Facebook allowed Microsoft’s
Bing search engine to see the names of virtually all Facebook users’
friends without consent, the records show, and gave Netflix and Spotify
the ability to read Facebook users’ private messages.
The social network permitted
Amazon to obtain users’ names and contact information through their
friends, and it let Yahoo view streams of friends’ posts as recently as
this summer, despite public statements that it had stopped that type of
sharing years earlier.
I strongly dislike
- hate,
despise - Facebook. I think it treats everyone who is not a billionaire
or at least a substantial millionaire as stupid slaves who are
without
hardly any knowledge about computing, and who can be tricked
into
giving away all or most of their privacies for nothing at all.
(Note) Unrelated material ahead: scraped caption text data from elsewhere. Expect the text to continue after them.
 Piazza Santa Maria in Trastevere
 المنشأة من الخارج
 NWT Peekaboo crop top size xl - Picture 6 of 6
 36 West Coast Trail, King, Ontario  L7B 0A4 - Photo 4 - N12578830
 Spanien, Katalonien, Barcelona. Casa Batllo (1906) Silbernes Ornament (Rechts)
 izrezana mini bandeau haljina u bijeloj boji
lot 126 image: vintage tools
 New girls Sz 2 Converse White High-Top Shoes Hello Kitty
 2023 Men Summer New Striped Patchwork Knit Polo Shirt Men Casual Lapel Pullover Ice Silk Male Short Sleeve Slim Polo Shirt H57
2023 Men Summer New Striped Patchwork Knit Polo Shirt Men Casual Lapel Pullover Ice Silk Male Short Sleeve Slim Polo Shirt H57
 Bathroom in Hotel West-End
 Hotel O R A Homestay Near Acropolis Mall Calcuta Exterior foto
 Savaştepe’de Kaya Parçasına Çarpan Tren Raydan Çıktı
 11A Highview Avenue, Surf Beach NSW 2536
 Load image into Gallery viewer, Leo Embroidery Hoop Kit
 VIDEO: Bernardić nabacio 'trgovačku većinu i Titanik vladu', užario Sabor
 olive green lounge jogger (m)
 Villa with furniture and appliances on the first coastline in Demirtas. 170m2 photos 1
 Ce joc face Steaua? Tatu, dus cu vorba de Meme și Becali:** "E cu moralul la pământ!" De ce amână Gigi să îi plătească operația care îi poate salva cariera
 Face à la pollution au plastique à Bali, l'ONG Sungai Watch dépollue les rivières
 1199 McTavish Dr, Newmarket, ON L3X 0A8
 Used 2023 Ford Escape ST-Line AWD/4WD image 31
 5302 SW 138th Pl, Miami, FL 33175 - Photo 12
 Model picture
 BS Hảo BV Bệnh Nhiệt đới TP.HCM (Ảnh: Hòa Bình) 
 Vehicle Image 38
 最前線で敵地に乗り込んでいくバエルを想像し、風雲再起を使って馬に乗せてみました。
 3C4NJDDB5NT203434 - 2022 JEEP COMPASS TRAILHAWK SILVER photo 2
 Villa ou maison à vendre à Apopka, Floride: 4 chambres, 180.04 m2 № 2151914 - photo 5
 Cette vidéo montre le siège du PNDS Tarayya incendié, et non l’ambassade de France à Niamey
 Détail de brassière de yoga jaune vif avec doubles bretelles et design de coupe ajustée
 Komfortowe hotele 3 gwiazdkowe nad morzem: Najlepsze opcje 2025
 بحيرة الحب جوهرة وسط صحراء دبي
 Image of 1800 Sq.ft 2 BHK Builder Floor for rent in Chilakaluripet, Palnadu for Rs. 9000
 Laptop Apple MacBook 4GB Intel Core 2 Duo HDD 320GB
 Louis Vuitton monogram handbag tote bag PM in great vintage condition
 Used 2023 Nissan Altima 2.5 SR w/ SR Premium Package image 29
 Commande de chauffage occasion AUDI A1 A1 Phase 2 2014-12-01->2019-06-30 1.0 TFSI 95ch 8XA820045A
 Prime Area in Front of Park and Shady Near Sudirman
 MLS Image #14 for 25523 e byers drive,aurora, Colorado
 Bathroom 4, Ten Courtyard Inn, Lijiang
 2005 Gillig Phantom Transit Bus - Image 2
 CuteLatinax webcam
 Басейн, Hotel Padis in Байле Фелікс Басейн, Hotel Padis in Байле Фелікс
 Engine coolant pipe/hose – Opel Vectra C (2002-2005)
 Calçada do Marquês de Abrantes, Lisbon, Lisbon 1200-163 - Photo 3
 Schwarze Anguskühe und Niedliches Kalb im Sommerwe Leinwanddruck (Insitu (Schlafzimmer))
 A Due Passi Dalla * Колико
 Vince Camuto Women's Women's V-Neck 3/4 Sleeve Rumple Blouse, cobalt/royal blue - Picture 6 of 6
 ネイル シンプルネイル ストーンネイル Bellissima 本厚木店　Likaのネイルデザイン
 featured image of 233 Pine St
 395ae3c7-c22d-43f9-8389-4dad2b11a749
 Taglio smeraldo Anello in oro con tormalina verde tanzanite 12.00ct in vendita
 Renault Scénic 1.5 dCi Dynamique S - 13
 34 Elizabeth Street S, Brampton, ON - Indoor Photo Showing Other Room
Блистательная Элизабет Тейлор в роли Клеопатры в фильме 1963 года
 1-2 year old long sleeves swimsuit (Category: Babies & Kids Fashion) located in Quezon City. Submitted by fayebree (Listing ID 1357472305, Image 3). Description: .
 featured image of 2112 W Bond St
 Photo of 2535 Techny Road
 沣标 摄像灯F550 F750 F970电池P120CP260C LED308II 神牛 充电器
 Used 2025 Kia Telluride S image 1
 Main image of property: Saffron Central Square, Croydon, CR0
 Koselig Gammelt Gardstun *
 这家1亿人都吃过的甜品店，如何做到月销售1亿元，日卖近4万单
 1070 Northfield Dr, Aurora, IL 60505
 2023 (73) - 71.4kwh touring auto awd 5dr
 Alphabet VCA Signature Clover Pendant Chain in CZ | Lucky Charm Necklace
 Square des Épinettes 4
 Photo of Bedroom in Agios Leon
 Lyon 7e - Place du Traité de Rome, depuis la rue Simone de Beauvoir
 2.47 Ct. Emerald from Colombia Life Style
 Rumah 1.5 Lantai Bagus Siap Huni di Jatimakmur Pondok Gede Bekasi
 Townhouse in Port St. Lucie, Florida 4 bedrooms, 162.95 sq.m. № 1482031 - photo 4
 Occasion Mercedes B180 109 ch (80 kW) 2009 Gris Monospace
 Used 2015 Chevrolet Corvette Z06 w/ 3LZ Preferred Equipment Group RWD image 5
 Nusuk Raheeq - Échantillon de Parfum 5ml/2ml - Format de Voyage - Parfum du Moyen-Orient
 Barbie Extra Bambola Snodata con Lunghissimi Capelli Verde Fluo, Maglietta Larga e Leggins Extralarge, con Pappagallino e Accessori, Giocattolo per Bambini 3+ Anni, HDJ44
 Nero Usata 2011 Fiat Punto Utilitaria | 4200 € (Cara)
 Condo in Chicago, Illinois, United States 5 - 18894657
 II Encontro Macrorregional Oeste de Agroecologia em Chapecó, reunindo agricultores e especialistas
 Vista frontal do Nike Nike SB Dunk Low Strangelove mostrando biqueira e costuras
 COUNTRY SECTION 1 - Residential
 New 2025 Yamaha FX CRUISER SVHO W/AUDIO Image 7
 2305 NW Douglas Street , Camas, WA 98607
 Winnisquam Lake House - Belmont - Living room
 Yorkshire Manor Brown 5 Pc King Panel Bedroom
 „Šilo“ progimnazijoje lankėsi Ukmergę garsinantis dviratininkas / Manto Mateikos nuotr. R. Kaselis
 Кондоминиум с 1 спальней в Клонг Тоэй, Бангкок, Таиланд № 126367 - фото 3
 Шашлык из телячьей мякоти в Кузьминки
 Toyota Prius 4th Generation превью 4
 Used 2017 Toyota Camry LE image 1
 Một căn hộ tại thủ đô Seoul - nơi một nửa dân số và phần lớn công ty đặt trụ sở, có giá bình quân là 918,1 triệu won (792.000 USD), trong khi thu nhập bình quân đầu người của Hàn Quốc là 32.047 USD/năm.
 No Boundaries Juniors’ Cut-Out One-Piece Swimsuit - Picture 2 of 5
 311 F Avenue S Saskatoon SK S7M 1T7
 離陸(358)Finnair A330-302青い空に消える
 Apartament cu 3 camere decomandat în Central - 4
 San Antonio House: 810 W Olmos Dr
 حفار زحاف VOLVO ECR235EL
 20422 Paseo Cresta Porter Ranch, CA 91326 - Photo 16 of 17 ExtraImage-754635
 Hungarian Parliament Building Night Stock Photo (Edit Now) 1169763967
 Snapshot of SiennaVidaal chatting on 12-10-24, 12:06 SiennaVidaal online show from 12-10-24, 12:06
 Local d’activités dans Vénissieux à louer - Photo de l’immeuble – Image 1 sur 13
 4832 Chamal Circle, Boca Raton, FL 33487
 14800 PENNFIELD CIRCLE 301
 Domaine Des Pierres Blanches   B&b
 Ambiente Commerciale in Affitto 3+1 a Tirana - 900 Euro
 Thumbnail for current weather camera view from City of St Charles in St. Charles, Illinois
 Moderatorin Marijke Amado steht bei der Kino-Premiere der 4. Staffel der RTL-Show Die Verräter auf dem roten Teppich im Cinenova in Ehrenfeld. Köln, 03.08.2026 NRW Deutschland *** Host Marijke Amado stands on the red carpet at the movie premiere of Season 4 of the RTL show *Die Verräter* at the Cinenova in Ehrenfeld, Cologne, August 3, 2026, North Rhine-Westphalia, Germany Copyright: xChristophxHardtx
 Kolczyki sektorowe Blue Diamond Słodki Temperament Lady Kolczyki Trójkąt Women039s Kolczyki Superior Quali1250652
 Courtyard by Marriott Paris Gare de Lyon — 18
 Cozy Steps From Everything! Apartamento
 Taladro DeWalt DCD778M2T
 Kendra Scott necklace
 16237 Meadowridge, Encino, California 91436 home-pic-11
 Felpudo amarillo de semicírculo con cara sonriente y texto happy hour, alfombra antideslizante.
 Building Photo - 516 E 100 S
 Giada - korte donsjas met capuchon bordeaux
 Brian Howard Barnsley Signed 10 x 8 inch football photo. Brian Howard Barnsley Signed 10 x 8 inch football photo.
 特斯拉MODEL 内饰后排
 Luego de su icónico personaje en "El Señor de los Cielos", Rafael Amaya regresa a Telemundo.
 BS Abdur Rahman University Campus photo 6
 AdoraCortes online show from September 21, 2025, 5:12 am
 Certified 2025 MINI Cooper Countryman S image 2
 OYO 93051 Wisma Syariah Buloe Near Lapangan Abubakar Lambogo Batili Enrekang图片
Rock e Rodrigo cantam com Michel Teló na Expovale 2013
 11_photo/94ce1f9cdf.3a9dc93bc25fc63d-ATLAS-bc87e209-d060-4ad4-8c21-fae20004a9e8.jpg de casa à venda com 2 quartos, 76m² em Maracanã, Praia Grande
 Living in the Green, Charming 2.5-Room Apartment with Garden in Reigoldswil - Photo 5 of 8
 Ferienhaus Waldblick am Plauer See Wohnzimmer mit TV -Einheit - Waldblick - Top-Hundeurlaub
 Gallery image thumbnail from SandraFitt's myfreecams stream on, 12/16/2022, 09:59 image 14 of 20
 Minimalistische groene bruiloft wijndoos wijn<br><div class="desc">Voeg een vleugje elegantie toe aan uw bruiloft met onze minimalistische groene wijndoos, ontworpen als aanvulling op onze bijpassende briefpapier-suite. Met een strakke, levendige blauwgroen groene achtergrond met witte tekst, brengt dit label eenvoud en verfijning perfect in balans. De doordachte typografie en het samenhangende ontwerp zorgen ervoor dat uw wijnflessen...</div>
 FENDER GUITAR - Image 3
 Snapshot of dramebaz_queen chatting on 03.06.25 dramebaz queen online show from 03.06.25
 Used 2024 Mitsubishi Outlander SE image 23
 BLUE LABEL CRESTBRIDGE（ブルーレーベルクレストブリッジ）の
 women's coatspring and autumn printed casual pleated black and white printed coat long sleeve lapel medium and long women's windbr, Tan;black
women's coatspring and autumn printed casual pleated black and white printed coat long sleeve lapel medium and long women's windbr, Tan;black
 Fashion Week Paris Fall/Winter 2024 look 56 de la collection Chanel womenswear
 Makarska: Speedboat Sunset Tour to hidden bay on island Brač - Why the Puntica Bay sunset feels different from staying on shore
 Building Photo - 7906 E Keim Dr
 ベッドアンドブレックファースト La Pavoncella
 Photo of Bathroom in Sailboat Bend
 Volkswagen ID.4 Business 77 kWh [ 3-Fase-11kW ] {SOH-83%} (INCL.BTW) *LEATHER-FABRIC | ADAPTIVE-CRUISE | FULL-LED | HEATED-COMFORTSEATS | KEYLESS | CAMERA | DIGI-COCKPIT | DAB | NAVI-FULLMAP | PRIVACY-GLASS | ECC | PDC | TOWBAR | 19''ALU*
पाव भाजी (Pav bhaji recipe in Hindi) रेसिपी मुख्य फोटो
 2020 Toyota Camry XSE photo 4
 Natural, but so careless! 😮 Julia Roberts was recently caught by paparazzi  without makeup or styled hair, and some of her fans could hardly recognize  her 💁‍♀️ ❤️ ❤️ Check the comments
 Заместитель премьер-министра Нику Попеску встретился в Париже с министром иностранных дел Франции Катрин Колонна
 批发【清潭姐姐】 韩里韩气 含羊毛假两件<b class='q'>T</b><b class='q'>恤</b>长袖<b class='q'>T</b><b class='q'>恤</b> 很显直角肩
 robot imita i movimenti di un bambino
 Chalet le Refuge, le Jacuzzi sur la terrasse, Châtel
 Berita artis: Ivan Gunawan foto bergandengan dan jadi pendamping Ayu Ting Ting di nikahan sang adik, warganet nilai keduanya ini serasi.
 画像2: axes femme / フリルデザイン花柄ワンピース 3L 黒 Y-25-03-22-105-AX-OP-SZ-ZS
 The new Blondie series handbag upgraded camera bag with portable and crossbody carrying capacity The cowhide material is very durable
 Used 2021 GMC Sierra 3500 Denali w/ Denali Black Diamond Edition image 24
Also, I think Facebook is fundamentally a deeply criminal
organization,
that works essentially by fraud
and by lying.
The above bit strongly supports me:
- ¨personal data has
become the most prized commodity of the digital age, traded on a vast
scale by some of the most powerful companies in Silicon Valley and
beyond¨ -
but even so:
- all personal
data are essentially frauded
from their owners (the individuals
whose personal data they are): they are either simply taken without
any notification, or are obtained by
fundamentally false promises,
and
- ¨Facebook also
assumed extraordinary power over the personal information of its 2.2
billion users — control it has wielded with little transparency or
outside oversight.¨
Besides, the above
quotation shows the fundamental difference between billionaires and
the
rest:
The billionaires who own Netflix, Spotify, Microsoft,
Amazon and Yahoo are given all the personal information - about
you, your
friends and
their friends - but each and all refuse
to tell honestly to the
non-rich how their private information is
abused, who abuses or has it,
and what it is used for.
Here is some more from this article:
Facebook
has been reeling from a series of privacy scandals, set off by
revelations in March that a political consulting firm, Cambridge
Analytica, improperly used Facebook data to build tools that aided
President Trump’s 2016 campaign. Acknowledging that it had breached
users’ trust, Facebook insisted that it had instituted stricter privacy
protections long ago. Mark Zuckerberg, the chief executive, assured lawmakers
in April that people “have complete control” over everything they share
on Facebook.
But
the documents, as well as interviews with about 50 former employees of
Facebook and its corporate partners, reveal that Facebook allowed
certain companies access to data despite those protections. They also
raise questions about whether Facebook ran afoul of a 2011 consent
agreement with the Federal Trade Commission that barred the social
network from sharing user data without explicit permission.
Yes indeed - and Mark
Zuckerberg lied
again, which - to the best of my knowledge - he always
does when he is addressing ¨the public¨, except for a single
bit: He
described his users (quite a number of years ago) as ¨dumb fucks who
trust me¨, and that is the only bit I know of
Zuckerberg´s public prose that is true (and originally this was
not publc
prose at all).
Here is more on Facebook´s frauds:
In all, the deals described in
the documents benefited more than 150 companies — most of them tech
businesses, including online retailers and entertainment sites, but
also automakers and media organizations. Their applications sought the
data of hundreds of millions of people a month, the records show. The
deals, the oldest of which date to 2010, were all active in 2017. Some
were still in effect this year.
This means that the privacies of ¨hundreds of millions of people a month¨ where shared
for seven years on
end with ¨more than 150 companies¨, none
of of which had any
right on these data (just as Facebook has no right at owning or
reading your private data).
Here is the last bit that I quote from this article:
Personal
data is the oil of the 21st century, a resource worth billions to those
who can most effectively extract and refine it. American companies
alone are expected to spend close to $20 billion by the end of 2018 to
acquire and process consumer data, according to the Interactive
Advertising Bureau.
Few
companies have better data than Facebook and its rival, Google, whose
popular products give them an intimate view into the daily lives of
billions of people — and allow them to dominate the digital advertising
market.
Precisely
and I think that neither Facebook nor Google has any right whatsoever
on owning or reading anyone´s private data. There is a lot more
in this article, that is recommended.
2. Good
Luck in Court, Mr. Trump
This article is by
The Editorial Board on The New York Times. It starts as follows:
A bit of common sense and
common decency intruded on Tuesday into the crazy world of Donald Trump.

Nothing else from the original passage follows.